Ken McFeeters isn’t going away anytime soon, it seems.
A Republican nominee for governor, McFeeters has for the past several months—and particularly, the last couple of weeks—become an absolute thorn in the side of Republican frontrunner Tommy Tuberville.
McFeeters filed a detailed challenge to Tuberville’s certification by the party, alleging that he cannot meet the state’s residency requirements. Those requirements specifically state that a candidate for governor must have been a resident-citizen of the state for seven years next before the election.
That challenge was tossed quickly by the Alabama Republican Party’s candidate committee, which deemed it facially deficient and never examined the detailed allegations. That denial allows Tuberville to avoid a hearing before the party’s steering committee, where further details of Tuberville’s residency issues were undoubtedly set to come to light.
But that setback isn’t stopping McFeeters.
On Monday, the day after his challenge was denied, McFeeters issued a public statement challenging Tuberville to release numerous documents, including his Alabama state tax returns from the past seven years, to prove he meets residency requirements. If Tuberville turned over the documents, McFeeters said he would drop out of the race and donate $1,000 to Tuberville’s campaign.
“This issue isn’t going away,” McFeeters promised.
On Tuesday, he made it clear that neither was he.
McFeeters is now promising to file a legal challenge to Tuberville’s entry on the ballot, and he said he plans to seek only the public documents that will prove or disprove Tuberville’s residency in the state. He also took several shots at the Alabama Republican Party for its decision to casually dismiss his challenge, saying the whole thing is about wealth.
“The ALGOP did not find that Senator Tuberville is domiciled in Alabama,” McFeeters stated in a press release. “It did not verify, investigate, or vet his residency. The Party merely stated that it was unwilling to examine the issue at all. That decision places the Alabama Republican Party in a deeply troubling position.
“The practical effect of this ruling is that if a candidate is wealthy enough to purchase a small property and declare it a “domicile of convenience,” the residency requirements of the Alabama Constitution can simply be ignored. In other words, the ALGOP has now set a precedent that you do not actually have to live in Alabama—or be domiciled here—to run for Governor. You only have to be rich.”
Tuberville’s campaign has brushed off the challenge, but the issue seems to be growing rapidly among the general public.
One reason for that is Tuberville’s apparent inability to provide the documents that McFeeters references, in particular, his tax returns.

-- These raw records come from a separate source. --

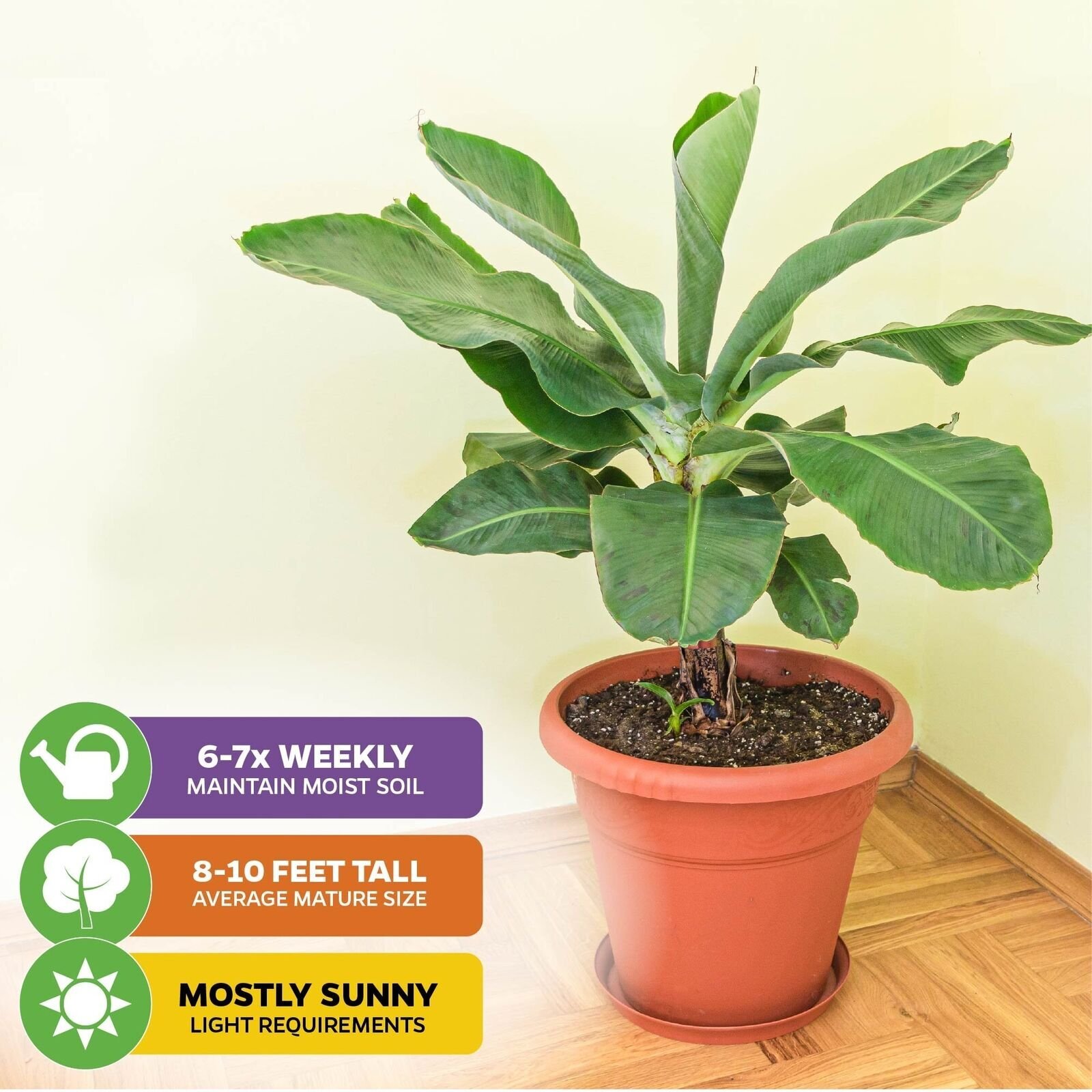 Dwarf Cavendish Banana Tree – Musa – Live Plant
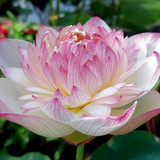 gp lotus2
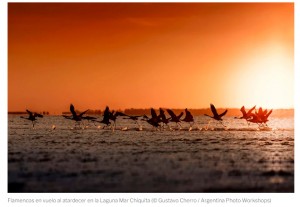 Los 5 mejores lugares de Argentina para fotografiar la vida silvestre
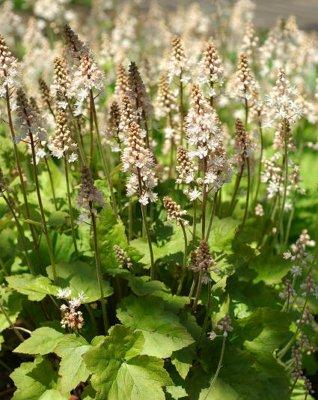 Tiarella cordifolia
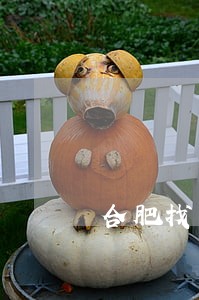 合肥找离婚律师要多少钱 合肥找离婚律师要多少钱
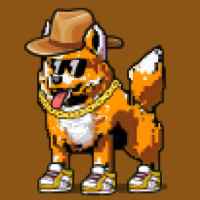 DogePunks #2582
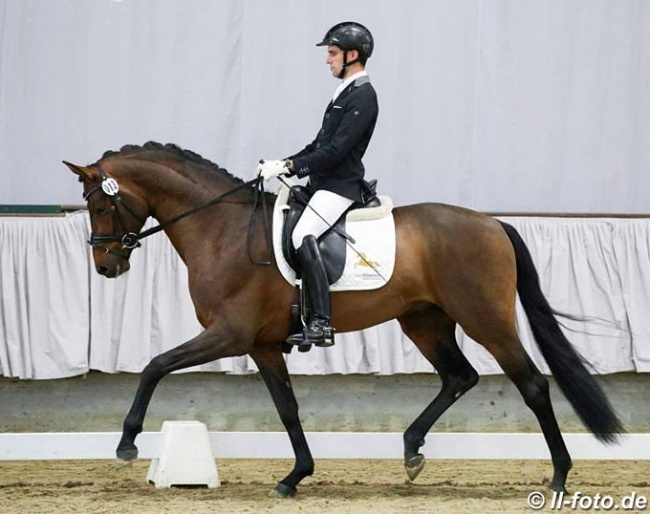 D'Alessandro (by Don Frederic x Stedinger) in the 2018 Munster Sport Test :: Photo © LL-foto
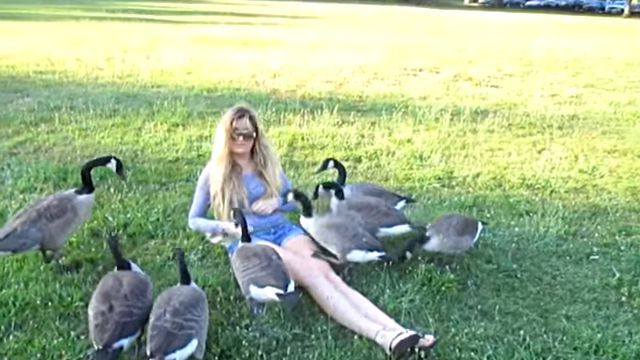 goslings6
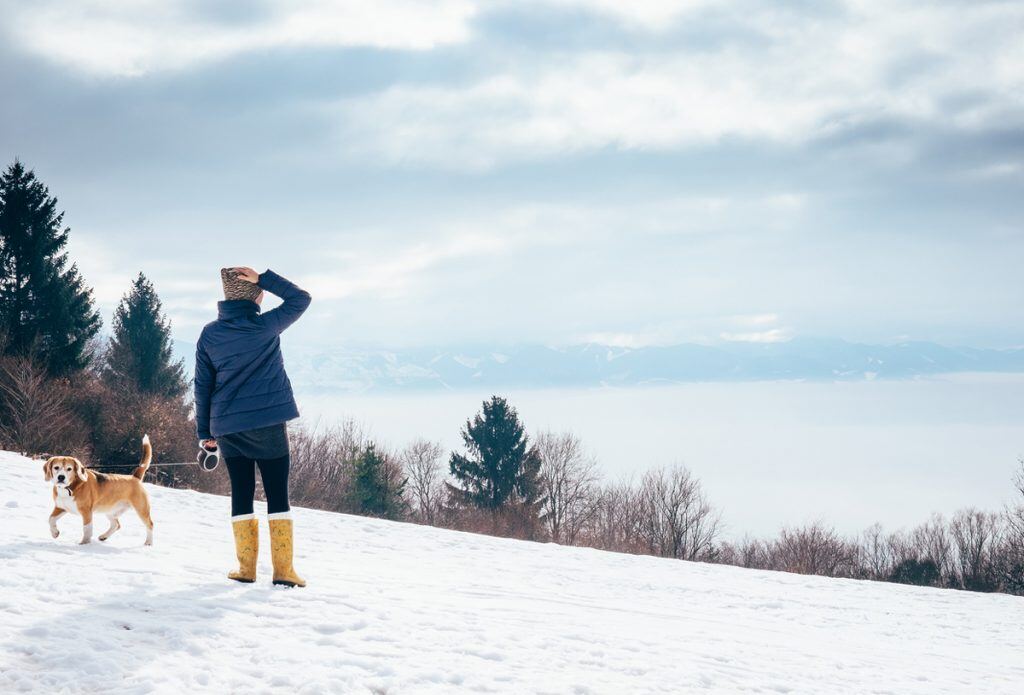 Cloudy Winter Lighting Creates a Contemplative Composition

The Tuberville campaign turned over some documents to ALGOP in response to McFeeters’ ballot challenge, but the one documents that would put this whole thing to rest—his tax returns—weren’t provided.
The reason those are so important is that they’re the simplest solution to this. If Tuberville truly was a resident of the state, he would have to file state tax returns. Filing those returns wouldn’t necessarily prove him to be a citizen-resident in a court of law, but they would just about wrap things up in the court of public opinion.
For now, as McFeeters has pointed, that’s decidedly not the case.
“No one believes he lives here,” McFeeters said.